The recent regulatory changes by the Securities and Exchange Board of India (SEBI) for valuation of debt securities could lead to more churn in liquid funds that already saw outflow of ₹1.5 lakh crore in June thereby dragging the overall assets in mutual fund (MF) industry.
According to the latest study by ICRA, institutional entities, who are the biggest investors in this segment, might look at other categories while those with a high-risk appetite might look at rebalancing their portfolios to higher-yield, higher-risk categories such as ultra-short and money market funds.
“The category [liquid funds] might see more churn going forward due to the recent regulatory amendments announced by the SEBI for debt-oriented schemes, which has made valuation of debt securities to be fully mark-to-market (MTM) compared with amortisation of securities with maturity less than 30 days,” ICRA said.

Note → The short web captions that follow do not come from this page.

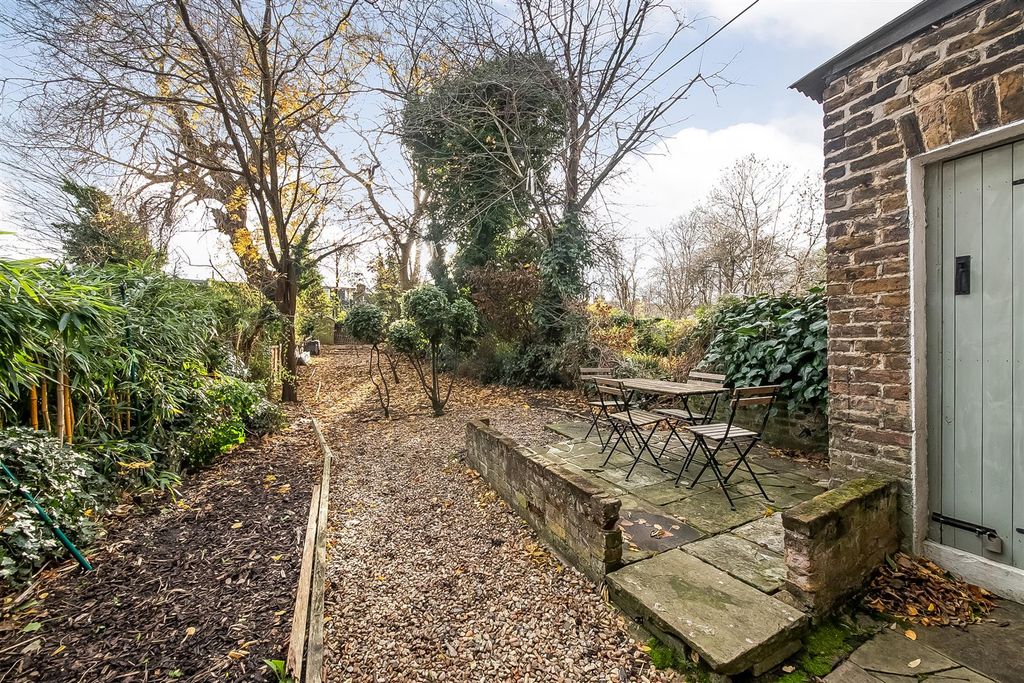 Property photo 2 of 12 Img_6014-2.Jpg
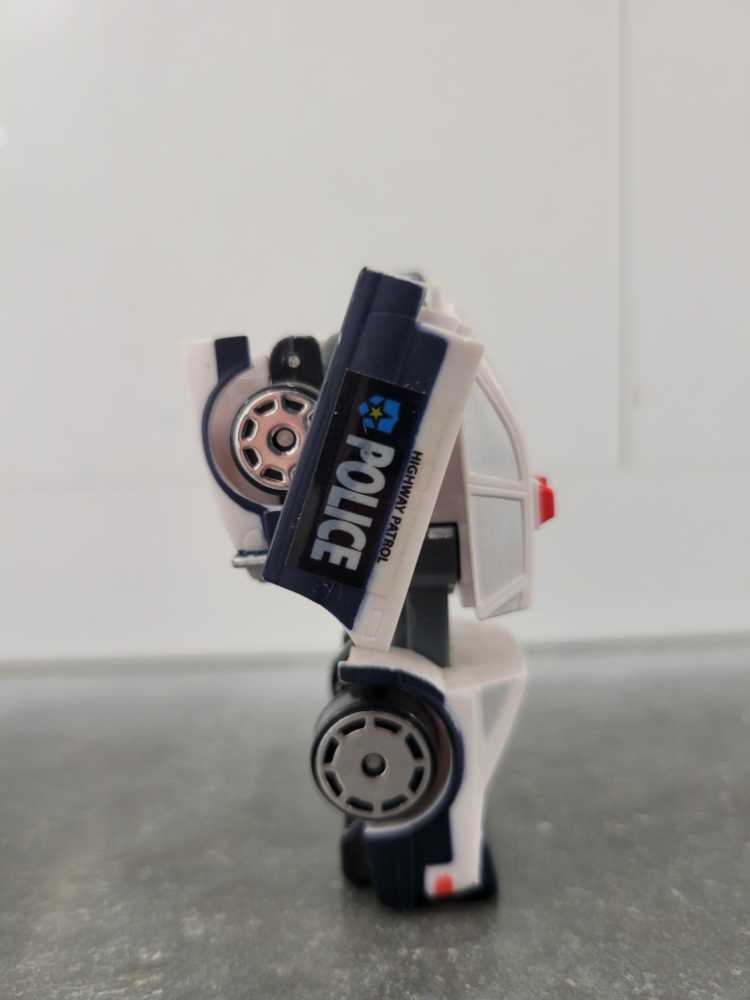 Prowl Spychanger (Robot Mode) - Hasbro (Universe) action figure collectible - Main Image 4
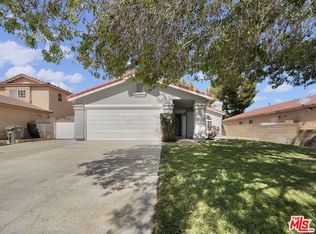 43925 Silver Bow Rd, Lancaster, CA 93535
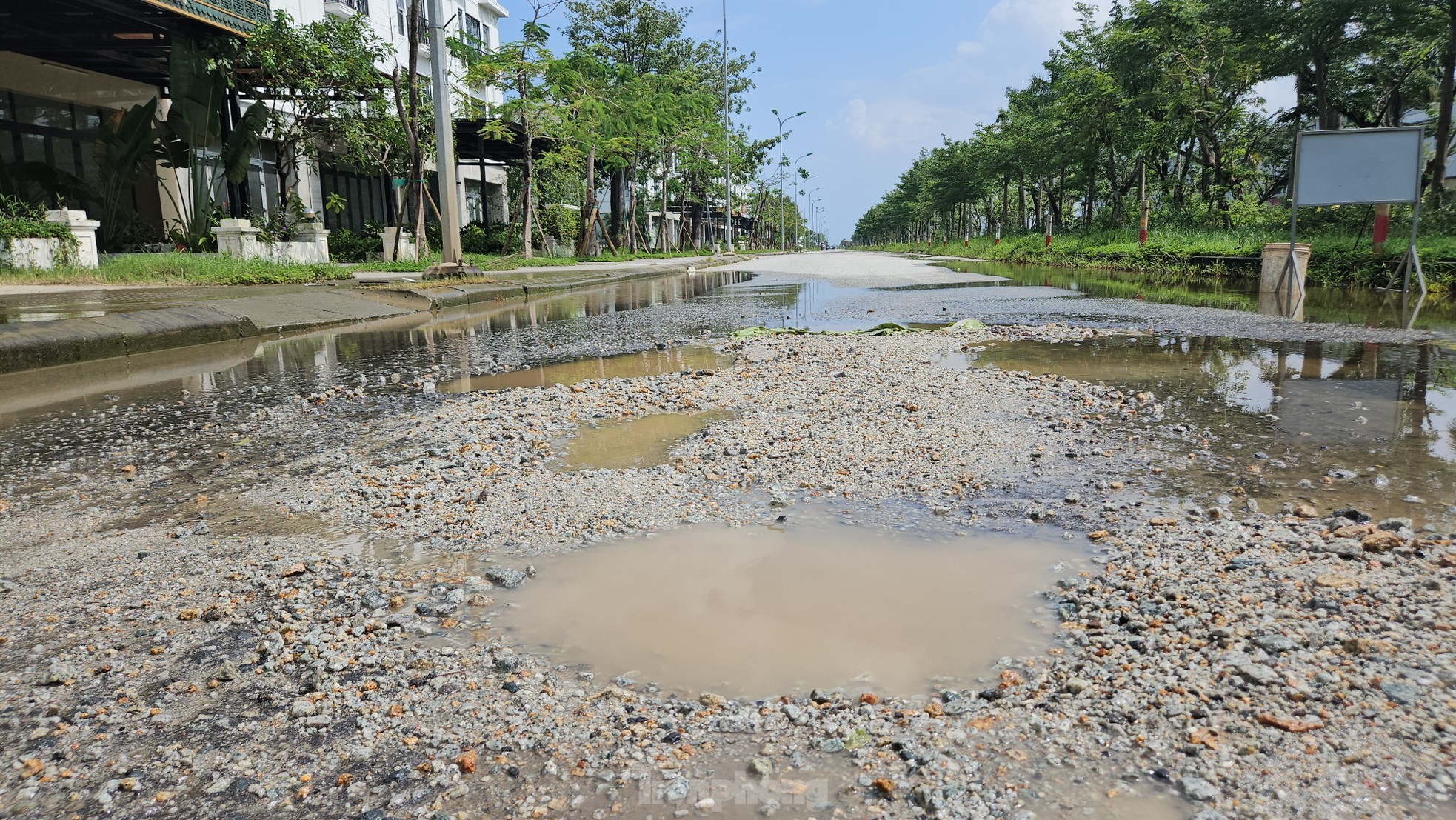 Đường qua khu đô thị cao cấp ở Huế như 'bẫy người' ảnh 9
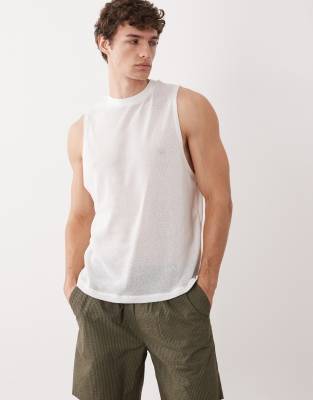 Kastiges Regular-Fit-Tanktop in Weiß mit offenmaschiger Strickstruktur Weiß L
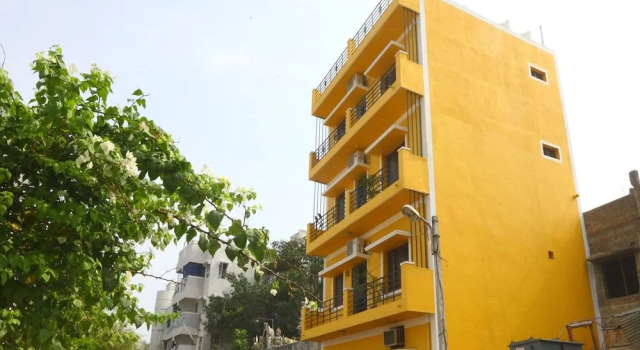 OYO 9784 Home Heritage 1BHK White Town, Забронировать Отель Отели штата Тамилнада с парковкой, Парковка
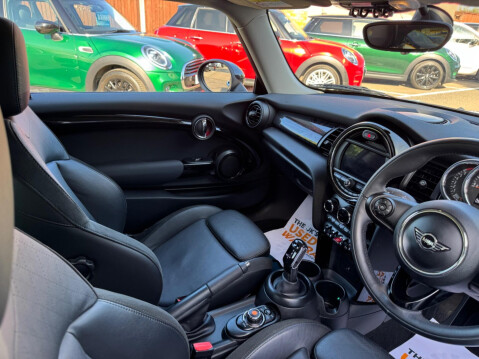 Mini Hatch 1.5 Cooper Steptronic Euro 6 (s/s) 3dr 20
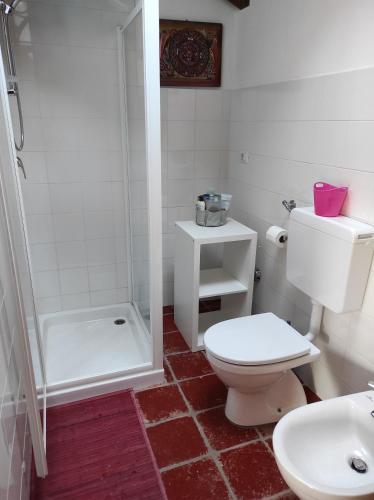 Ένα μπάνιο στο Il cortile dei frutti selvatici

The change in the threshold level for amortisation from 60 days to 30 days will have an impact on both returns and volatility of liquid funds. Incidentally, the SEBI had only recently introduced the 30-day norm since till June, the threshold was 60 days, it added. According to the monthly numbers from the Association of Mutual Funds in India, net outflows from income and debt oriented schemes totalling ₹1.71 lakh crore in June led to a decline in the MF assets under management to ₹24.25 lakh crore.
“Outflows from liquid funds were primarily the seasonal outflows seen by the category in a quarter-end month such as June, as institutions such as banks and corporates redeem their investments to pay for quarterly advance taxes,” said ICRA. The funds are typically invested back into liquid schemes once the quarter-end accounting and mandatory payment requirements have been met, it added.
At its recently-held board meeting, the capital markets regulator also introduced a graded exit load on investors of liquid schemes who pull out prior to seven days.